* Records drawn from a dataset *

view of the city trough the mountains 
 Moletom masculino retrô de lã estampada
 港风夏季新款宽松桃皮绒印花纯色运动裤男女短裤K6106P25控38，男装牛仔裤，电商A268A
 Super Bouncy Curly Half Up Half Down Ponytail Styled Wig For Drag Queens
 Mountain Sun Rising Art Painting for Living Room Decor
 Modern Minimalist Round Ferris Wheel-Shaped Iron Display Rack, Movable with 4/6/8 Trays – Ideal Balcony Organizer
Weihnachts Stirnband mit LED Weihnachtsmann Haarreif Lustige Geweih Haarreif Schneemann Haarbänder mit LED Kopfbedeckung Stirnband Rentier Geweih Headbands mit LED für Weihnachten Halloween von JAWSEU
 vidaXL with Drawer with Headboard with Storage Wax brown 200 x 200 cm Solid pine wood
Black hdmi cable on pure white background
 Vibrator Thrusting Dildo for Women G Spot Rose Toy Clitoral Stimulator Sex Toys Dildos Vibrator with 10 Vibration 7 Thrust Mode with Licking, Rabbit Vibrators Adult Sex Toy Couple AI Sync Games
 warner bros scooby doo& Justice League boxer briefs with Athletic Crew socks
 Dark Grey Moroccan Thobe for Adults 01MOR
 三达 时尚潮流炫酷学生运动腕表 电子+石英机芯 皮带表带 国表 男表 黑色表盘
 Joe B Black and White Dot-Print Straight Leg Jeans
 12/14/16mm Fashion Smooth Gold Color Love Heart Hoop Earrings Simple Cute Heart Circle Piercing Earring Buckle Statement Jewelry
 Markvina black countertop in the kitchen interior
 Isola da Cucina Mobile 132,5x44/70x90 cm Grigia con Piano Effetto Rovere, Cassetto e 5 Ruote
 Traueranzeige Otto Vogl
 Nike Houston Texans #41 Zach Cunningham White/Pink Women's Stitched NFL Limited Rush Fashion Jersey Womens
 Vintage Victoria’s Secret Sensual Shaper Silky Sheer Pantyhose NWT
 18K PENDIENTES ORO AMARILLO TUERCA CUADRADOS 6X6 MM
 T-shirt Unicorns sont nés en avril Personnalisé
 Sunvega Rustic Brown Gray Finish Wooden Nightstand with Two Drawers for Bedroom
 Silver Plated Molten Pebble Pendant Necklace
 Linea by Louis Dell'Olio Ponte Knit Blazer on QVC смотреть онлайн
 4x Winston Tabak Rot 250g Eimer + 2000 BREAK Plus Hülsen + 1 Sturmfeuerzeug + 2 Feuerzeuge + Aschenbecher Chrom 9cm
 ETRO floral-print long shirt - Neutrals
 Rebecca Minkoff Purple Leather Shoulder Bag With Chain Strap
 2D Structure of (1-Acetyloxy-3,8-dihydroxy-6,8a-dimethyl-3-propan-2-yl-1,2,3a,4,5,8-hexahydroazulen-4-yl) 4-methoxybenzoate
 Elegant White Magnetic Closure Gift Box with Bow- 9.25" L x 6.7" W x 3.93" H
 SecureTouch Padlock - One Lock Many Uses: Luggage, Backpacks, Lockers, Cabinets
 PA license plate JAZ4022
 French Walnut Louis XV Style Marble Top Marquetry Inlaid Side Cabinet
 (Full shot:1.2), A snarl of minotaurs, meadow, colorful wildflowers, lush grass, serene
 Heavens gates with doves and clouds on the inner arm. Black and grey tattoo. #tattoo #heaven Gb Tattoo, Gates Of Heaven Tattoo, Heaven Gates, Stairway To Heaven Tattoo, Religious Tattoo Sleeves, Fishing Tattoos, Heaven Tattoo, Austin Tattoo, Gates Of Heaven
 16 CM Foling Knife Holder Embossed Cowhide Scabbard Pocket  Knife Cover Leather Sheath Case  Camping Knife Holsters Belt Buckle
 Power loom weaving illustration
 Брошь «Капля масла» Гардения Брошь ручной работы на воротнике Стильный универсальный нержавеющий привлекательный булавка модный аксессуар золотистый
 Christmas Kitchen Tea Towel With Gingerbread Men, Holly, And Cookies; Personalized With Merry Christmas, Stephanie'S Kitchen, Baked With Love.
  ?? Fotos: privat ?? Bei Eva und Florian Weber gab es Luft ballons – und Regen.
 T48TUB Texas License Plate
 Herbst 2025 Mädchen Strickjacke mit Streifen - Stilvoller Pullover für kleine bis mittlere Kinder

* What to do *
In the entries above, find the line holding "Modern Minimalist Round" and the line holding "Isola da Cucina"; print both of them and every line between, exactly, and nothing else.

* Answer box *
 Modern Minimalist Round Ferris Wheel-Shaped Iron Display Rack, Movable with 4/6/8 Trays – Ideal Balcony Organizer
Weihnachts Stirnband mit LED Weihnachtsmann Haarreif Lustige Geweih Haarreif Schneemann Haarbänder mit LED Kopfbedeckung Stirnband Rentier Geweih Headbands mit LED für Weihnachten Halloween von JAWSEU
 vidaXL with Drawer with Headboard with Storage Wax brown 200 x 200 cm Solid pine wood
Black hdmi cable on pure white background
 Vibrator Thrusting Dildo for Women G Spot Rose Toy Clitoral Stimulator Sex Toys Dildos Vibrator with 10 Vibration 7 Thrust Mode with Licking, Rabbit Vibrators Adult Sex Toy Couple AI Sync Games
 warner bros scooby doo& Justice League boxer briefs with Athletic Crew socks
 Dark Grey Moroccan Thobe for Adults 01MOR
 三达 时尚潮流炫酷学生运动腕表 电子+石英机芯 皮带表带 国表 男表 黑色表盘
 Joe B Black and White Dot-Print Straight Leg Jeans
 12/14/16mm Fashion Smooth Gold Color Love Heart Hoop Earrings Simple Cute Heart Circle Piercing Earring Buckle Statement Jewelry
 Markvina black countertop in the kitchen interior
 Isola da Cucina Mobile 132,5x44/70x90 cm Grigia con Piano Effetto Rovere, Cassetto e 5 Ruote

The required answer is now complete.